As you probably heard, the National Rifle Association held its annual firearms-stroking meeting over the weekend in Houston. And where a lot of state legislatures would just pass a resolution declaring "Suck My Machine Gun Week" or some such, the Texas House instead celebrated the Holy Armed Presence by passing a dozen laws to make that state even more friendly to gun owners than it already is, because nobody tops Texas when it comes to hospitality. With these bold bills, which include allowing university students to carry handguns to class, the Texas legislature (which Molly Ivins used to call the "national laboratory for bad government") has secured its nomination for Wonkette's coveted Legislative Shitmuffin of the Year Award.
Among the new ways in which you can enjoy your guns in Texas, the bills included measures
allowing college students to carry handguns in class, putting potentially armed marshals in public schools and exempting the state from any future federal bans on assault rifles, high-capacity magazines or universal background checks.
Only one of the proposals was shot down (ha-ha!) by House Democrats; a "parliamentary point of order" blocked a bill that would have "allowed the use of a concealed handgun license as valid proof of personal identification," so minority voters will still have to bring their driver's licenses and not a concealed weapon to their polling places.
The biggest fight has been over the proposal to allow students with concealed-weapon permits to carry their handguns into college classrooms, which was opposed by freedom-hating university faculty and administrators.
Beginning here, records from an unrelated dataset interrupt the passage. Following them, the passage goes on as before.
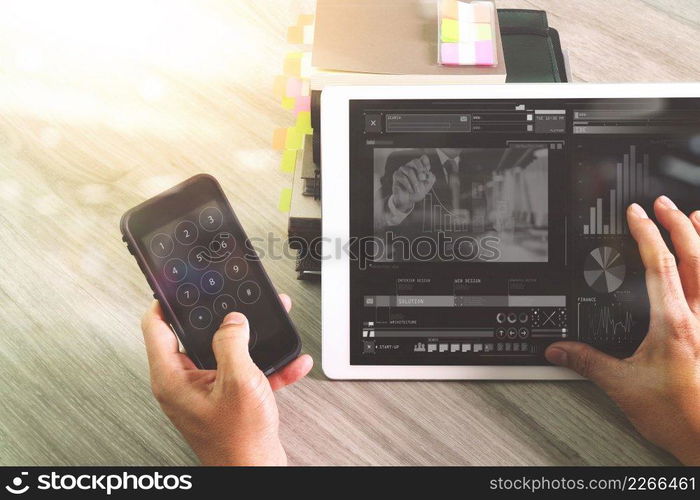 Businessman hand attending video conference with digital tablet computer and tablet computer at desk in office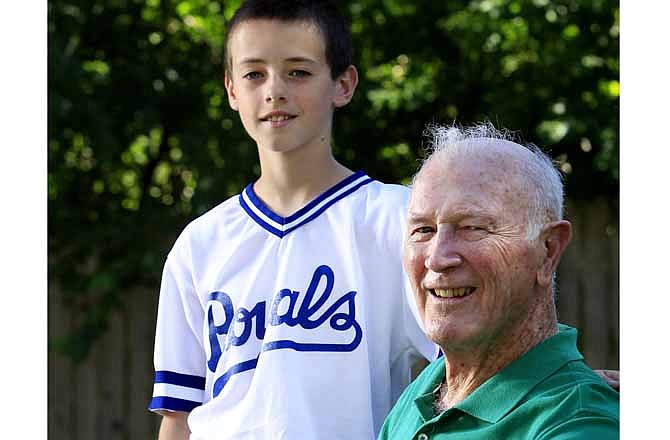 In this photo taken May 16, 2012, John Schmiedeler, right, poses for photos with his grandson Matthew in Kansas City, Mo. Schmiedeler was a part-time clubhouse manager for the visiting teams at the old Municipal Stadium in 1960, when he was 31-year-old math teacher. That year, Kansas City hosted the All-Star Game, featuring some of the all-time greats of the game making up the rosters.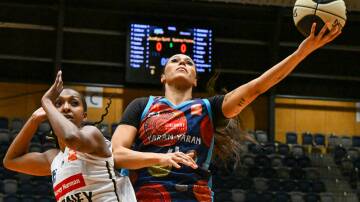 Alex Wilson scores two of her 17 points for the Bendigo Spirit against Sydney at Red Energy Arena on Saturday night. Picture by Darren Howe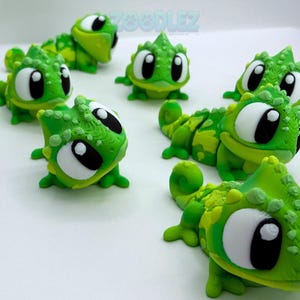 May include: A collection of small, articulated green chameleon figurines with large white eyes and black pupils. Each lizard features a textured, bumpy surface and a bright lime and forest green color scheme. The word ZOO DLEZ is visible in the background.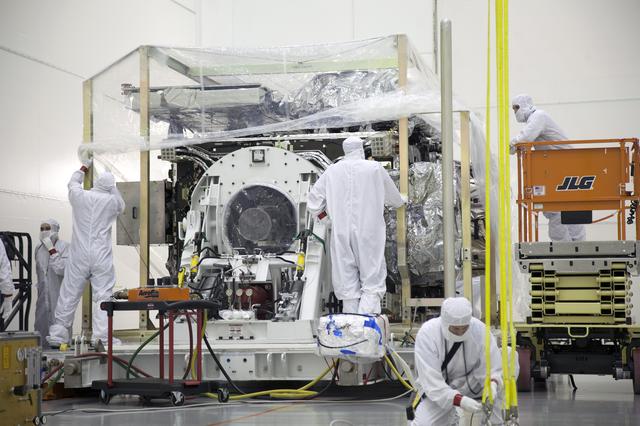 NASA image: GOES-R Uncrating and Move to Vertical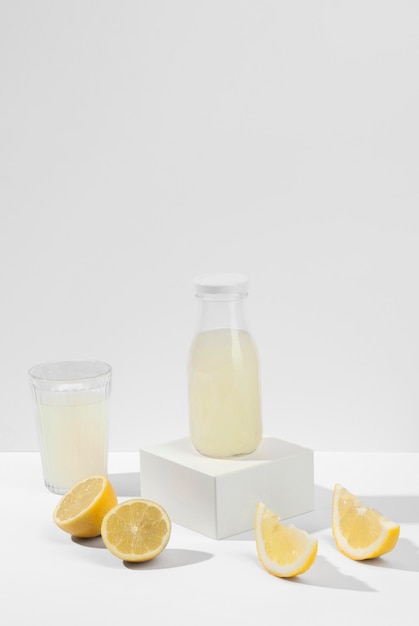 Delicious lemon juice bottle and glass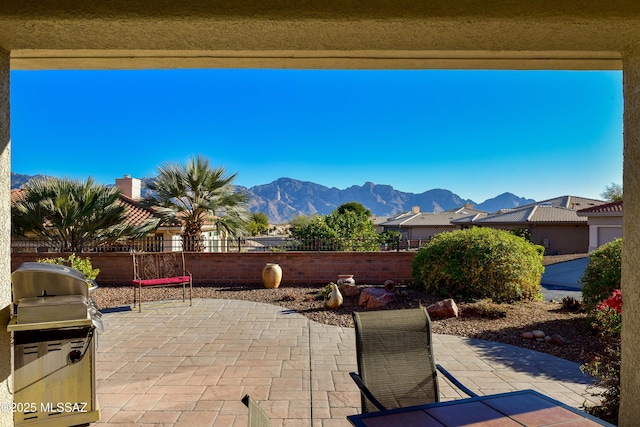 view of patio / terrace with a mountain view and grilling area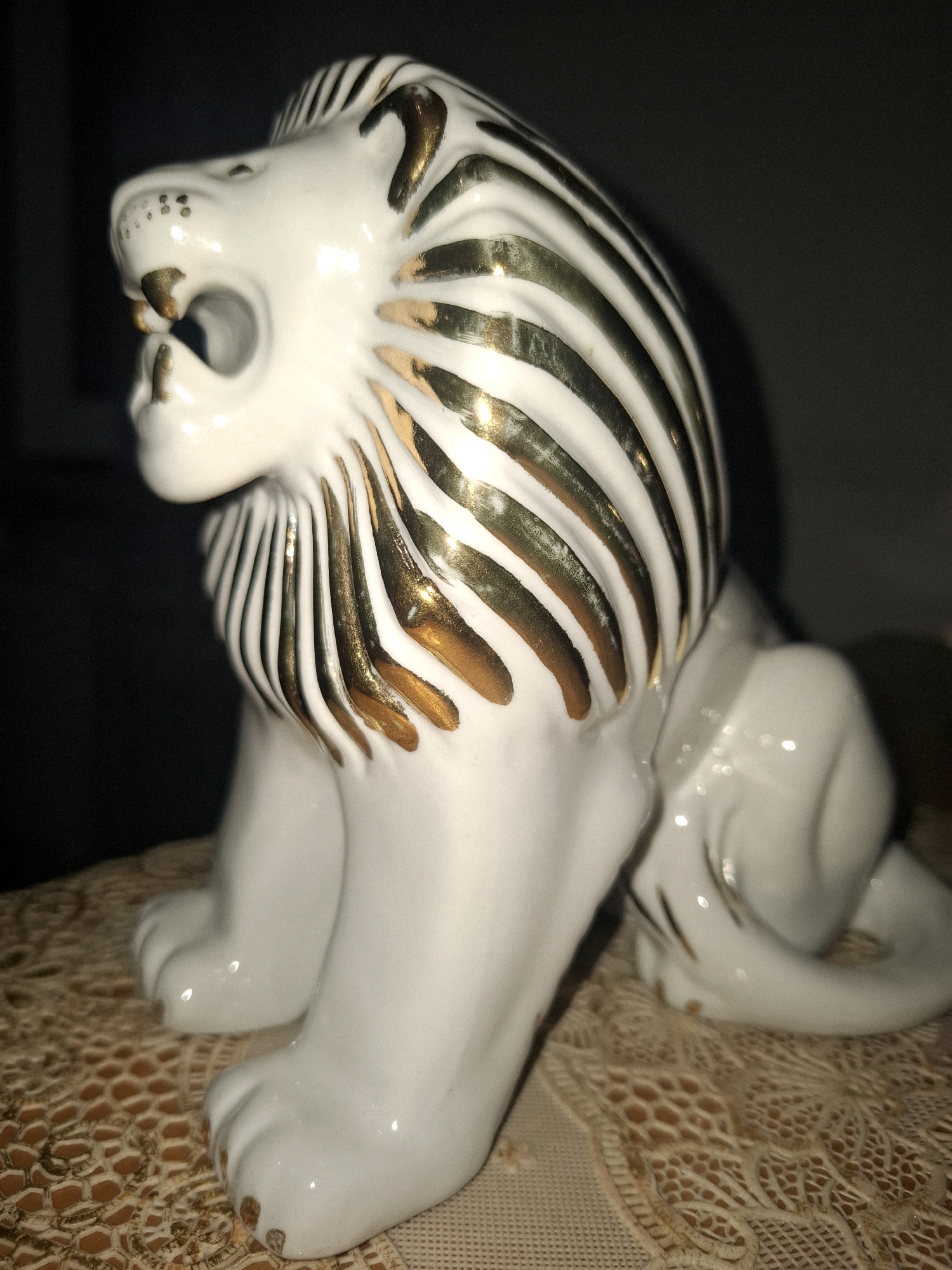 A white porcelain lion figurine with gold accents is positioned on a tan lace doily. The figurine is viewed from a side profile, with its head turned to the left. The lion has its mouth open, revealing its fangs. Its mane is depicted with alternating white and gold stripes. The doily has a honeycomb-like pattern and is placed on an unseen surface. The background is dark and out of focus. There is no indication of a specific location within the city of Almaty, Kazakhstan.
A compromise allowing schools to opt out of the new law -- for a year at a time -- apparently made the bill more palatable, but the campus-carry law may still face strong opposition in the state senate, which has a separate bill that would allow students to keep guns in their parked cars. No word on whether armed guards will be available to help return graded research papers.
Another bill, which would nullify possible federal restrictions on assault weapons or magazine capacity, passed with overwhelming support, although everyone in the room appeared to know it was unconstitutional. Sponsor Steve Toth said in support of his proposal,
"There are 27 amendments in the Constitution but only one says 'shall not be infringed'... The Second Amendment is the amendment that keeps the people free."
The Alliance of Nitpicking American Linguists pointed out that other amendments use a whole bunch of fancy synonyms for "infringed" when talking about things the government "shall not" do, but was shouted down for wearing bowties.
Even though the Texas House may seem to have fallen all over itself to show the visiting NRA a good time, there are still a few frontiers left to be explored. For instance, how about some legislation that would help move forward this commonsense proposal from a speaker at the NRA convention: Store guns in your kid's room, because during a home invasion, you are going to want to run there and grab a gun. But don't get all paranoid! The speaker, Rob Pincus, who runs a firearms-training outfit, was careful to say that the kid's-room gun should be in a safe, jeeze.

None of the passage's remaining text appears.